Given an array of integers, return indices of the two numbers such that they add up to a specific target.

You may assume that each input would have exactly one solution, and you may not use the same element twice.

Example:

Given nums = [2, 7, 11, 15], target = 9,
Because nums[0] + nums[1] = 2 + 7 = 9,
return [0, 1].

Brute Force

class Solution {
    public int[] twoSum(int[] nums, int target) {
        for (int i = 0; i < nums.length; i++) {
            for (int j = i + 1; j < nums.length; j++) {
                if (nums[i] + nums[j] == target) {
                    return new int[]{i, j};
                }
            }
        }

        return new int[]{};
    }
}

One-pass Hash Table

public int[] twoSum(int[] nums, int target) {
    Map<Integer, Integer> map = new HashMap<>();
    for (int i = 0; i < nums.length; i++) {
        int complement = target - nums[i];
        if (map.containsKey(complement)) {
            return new int[] { map.get(complement), i };
        }
        map.put(nums[i], i);
    }
    throw new IllegalArgumentException("No two sum solution");
}

可以常规解法,也可以使用HashMap的特性。

2. Add Two Numbers

  • LinkedList

You are given two non-empty linked lists representing two non-negative integers. The digits are stored in reverse order and each of their nodes contain a single digit. Add the two numbers and return it as a linked list.

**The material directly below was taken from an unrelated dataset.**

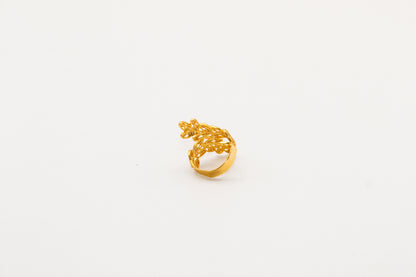 21K Gold Leaf Ring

You may assume the two numbers do not contain any leading zero, except the number 0 itself.

Example:

Input: (2 -> 4 -> 3) + (5 -> 6 -> 4)
Output: 7 -> 0 -> 8
Explanation: 342 + 465 = 807.

/**
 * Definition for singly-linked list.
 * public class ListNode {
 *     int val;
 *     ListNode next;
 *     ListNode(int x) { val = x; }
 * }
 */
class Solution {
    public ListNode addTwoNumbers(ListNode l1, ListNode l2) {
        ListNode result = new ListNode(0);
        ListNode p = result;
        int carry = 0, bit = 0;
        while (l1 != null || l2 != null || carry != 0) {
            bit = ((l1 == null) ? 0 : l1.val) + ((l2 == null) ? 0 : l2.val) + carry;
            carry = bit / 10;
            p.next = new ListNode(bit % 10);
            p = p.next;
            l1 = (l1 == null) ? null : l1.next;
            l2 = (l2 == null) ? null : l2.next;
        }

        return result.next;
    }
}

该题几个要点:

  1. 数字是逆序存储的,即头节点是个位,这就意味着直接算,进位进到next就可以了
  2. 最后一个节点可能是进位进来的1
  3. l1、l2不一定长度相等

3. Longest Substring Without Repeating Characters

  • HashTable
  • String
  • Two Pointers

Given a string, find the length of the longest substring without repeating characters.

Example:

Given "abcabcbb", the answer is "abc", which the length is 3.
Given "bbbbb", the answer is "b", with the length of 1.
Given "pwwkew", the answer is "wke", with the length of 3. Note that the answer must be a substring, "pwke" is a subsequence and not a substring.

此题同CI-(48)最长不含重复字符的子字符串

Sliding Window

class Solution {
    public int lengthOfLongestSubstring(String s) {
        int i = 0, j = 0, ans = 0, n = s.length();
        Set<Character> set = new HashSet();

        while (i < n && j < n) {
            if (!set.contains(s.charAt(j))) {
                set.add(s.charAt(j++));
                ans = Math.max(ans, j - i);
            } else {
                set.remove(s.charAt(i++));
            }
        }

        return ans;
    }
}

题目要求最长 无重复字母 的子串,可以用Set的特性
使用滑动窗口方法解,将[i, j]里面的字母用HashSet存储
若a[j]不在Set里面,set.add(s.charAt(j++))
否则set.remove(s.charAt(i++))

4. Median of Two Sorted Arrays

  • Array
  • Binary Search
  • Divide and Conquer

There are two sorted arrays nums1 and nums2 of size m and n respectively.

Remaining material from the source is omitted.